Les deux hommes entrent dans le commissariat. La porte claque. Quarante minutes plus tard, Domagee est retrouvé mort dans sa cellule, le foie éclaté. Un «EVREG», «événement regrettable» pour la police. Une bavure pour les habitants de l’île. Celle de trop, venant après la mort de plusieurs centaines d’Aborigènes en détention. Hurley, à l’imposante carrure, est tout désigné pour endosser le rôle du Grand Homme, figure malfaisante, mélange local du Yéti et du croquemitaine.
Paradoxe, la bavure n’a rien d’un crime raciste, et le brigadier-chef, bien que souvent violent, était jusqu’ici plutôt connu pour son respect et ses efforts envers la communauté. Mais, une semaine plus tard, c’est l’émeute. Le commissariat flambe. Les policiers sur place manquent de se faire lapider. Raid ultra-violent et arrestations en retour. Les médias nationaux s’emparent de l’affaire.
Trois mois après le drame, Chloe Hopper atterrit donc à Palm Island. Au fil d’une procédure qui s’étendra sur deux ans et demi, elle part à la rencontre de ce peuple enlevé à sa terre. Exil inconsolable, tant ce sol est, dans la mythologie aborigène, le lieu où sont tracées les pistes du rêve. Une mémoire sacrée, collective et incarnée qui se manifeste dans chaque pli de montagne, dans chaque coude de rivière. Sans terre, plus de rêve, donc plus d’identité.
Happée par cette histoire, Hooper devient familière de cette «île d’enfants volés». Si la journaliste s’attache aux protagonistes, dont Élisabeth, la sœur de la victime, elle tient à conserver la distance, à poser les questions, à confronter les faits. Ceux de l’affaire, mais aussi ceux d’un mode de vie dévasté qu’elle ne soupçonnait pas. Sans chercher à masquer une certaine candeur, elle nous pousse à plonger dans ce quotidien jusqu’à en éprouver une sorte de terrible résignation.

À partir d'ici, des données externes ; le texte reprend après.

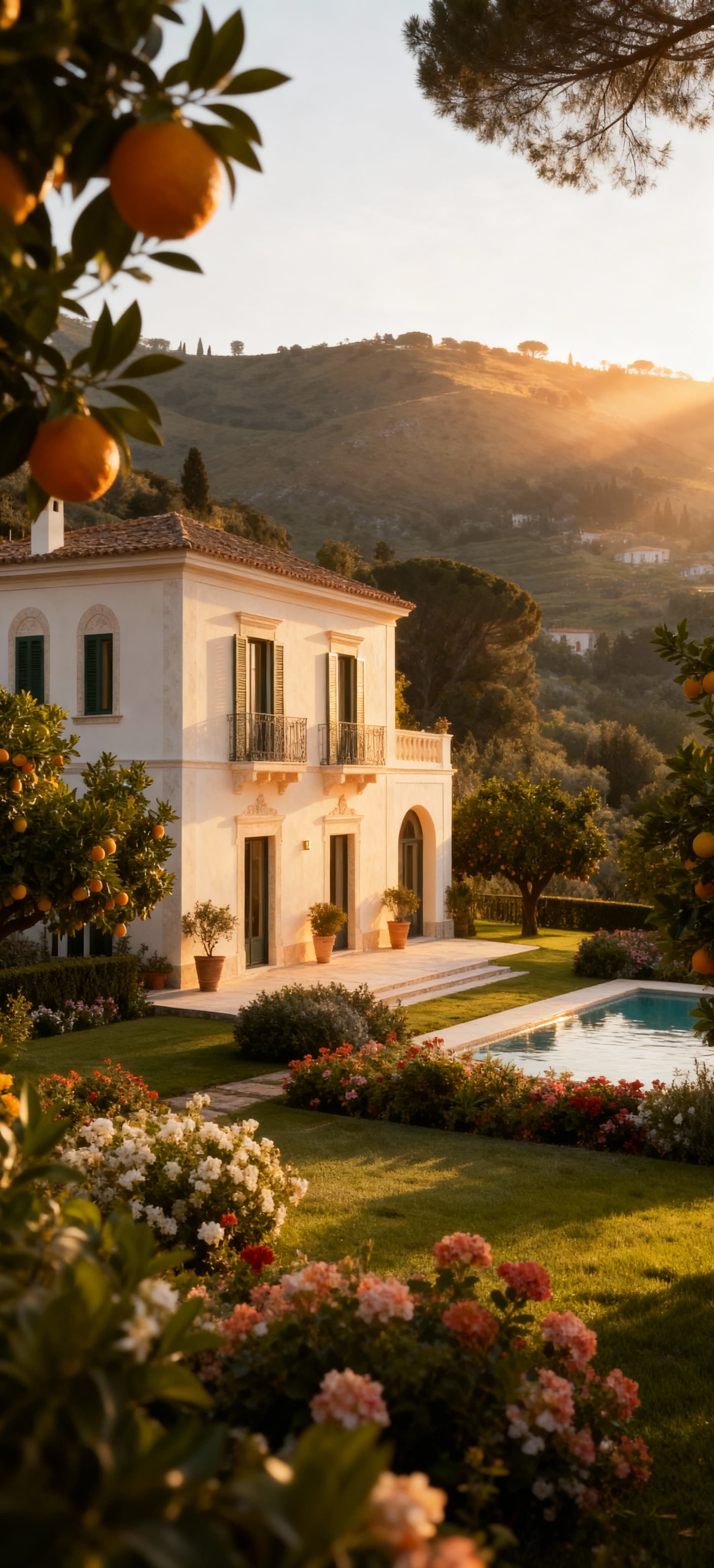 Luxury villas for sale in Campania, showcasing stunning coastal views, historic charm, and elegant architecture amidst nature.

D’un style fluide, elle établit ainsi le dossier accablant mais sensible du fait divers, étape par étape : enquête préliminaire, instruction et, en 2007, procès. Le premier de l’histoire mettant en cause un policier pour mort d’un Aborigène en détention. Activement soutenu par les syndicats de police, Hurley s’en sort. Non coupable.
Le reportage de Chloe Hopper est triste, parce qu’il témoigne de la fin des chants. En 1850, jusqu’à cent langues aborigènes différentes étaient parlées dans le seul Queensland. Il en resterait moins de vingt à présent. Ces chants, qui pouvaient autrefois guérir les malades, ne sont plus opérants. Les rythmes du monde moderne les auront recouverts, sans offre d’échappatoire. Sauf à risquer l’emprunt des toutes dernières pistes où nous guide l’auteur.
Celles de la politique de «réconciliation» initiée il y a dix ans dans le pays. En 2008, le premier ministre australien a présenté les excuses officielles du pays aux générations aborigènes pour les souffrances infligées par les déportations. Une voix d’aujourd’hui pour apaiser les plaies et redonner l’estime.